§ **Data**

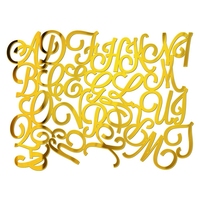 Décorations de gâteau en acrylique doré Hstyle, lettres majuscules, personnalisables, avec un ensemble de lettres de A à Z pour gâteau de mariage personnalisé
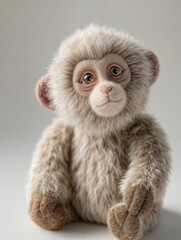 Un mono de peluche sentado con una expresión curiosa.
---
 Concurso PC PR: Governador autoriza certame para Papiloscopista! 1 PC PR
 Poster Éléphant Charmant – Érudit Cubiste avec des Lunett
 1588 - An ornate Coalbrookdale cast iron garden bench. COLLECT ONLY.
==
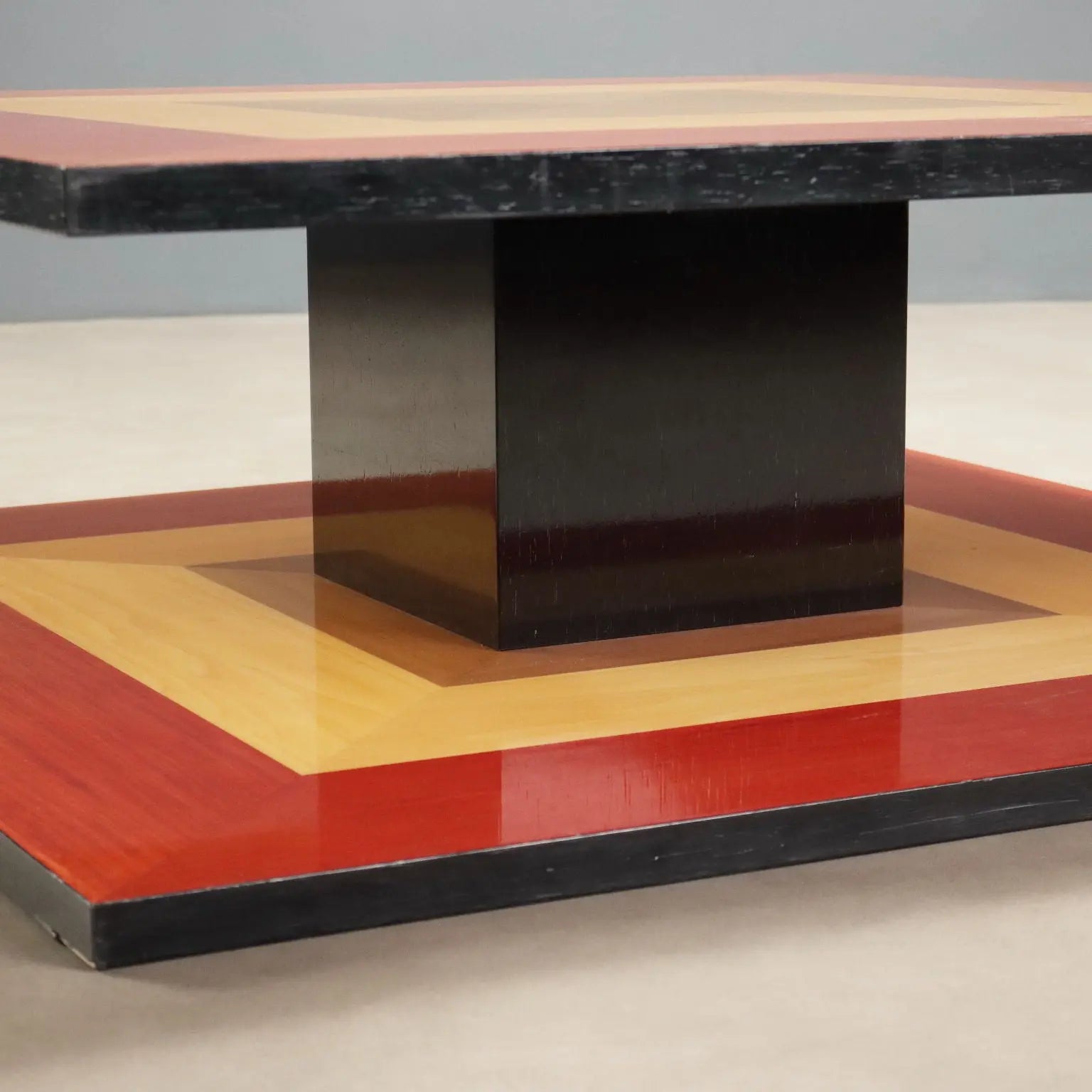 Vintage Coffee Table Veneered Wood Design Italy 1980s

§ **Problem statement**
Would you copy the lines above exactly, starting with the one that has "Décorations de gâteau" and ending with the one that has "Un mono de peluche", both included, without the pictures?

§ **The completed task**
 Décorations de gâteau en acrylique doré Hstyle, lettres majuscules, personnalisables, avec un ensemble de lettres de A à Z pour gâteau de mariage personnalisé
 Un mono de peluche sentado con una expresión curiosa.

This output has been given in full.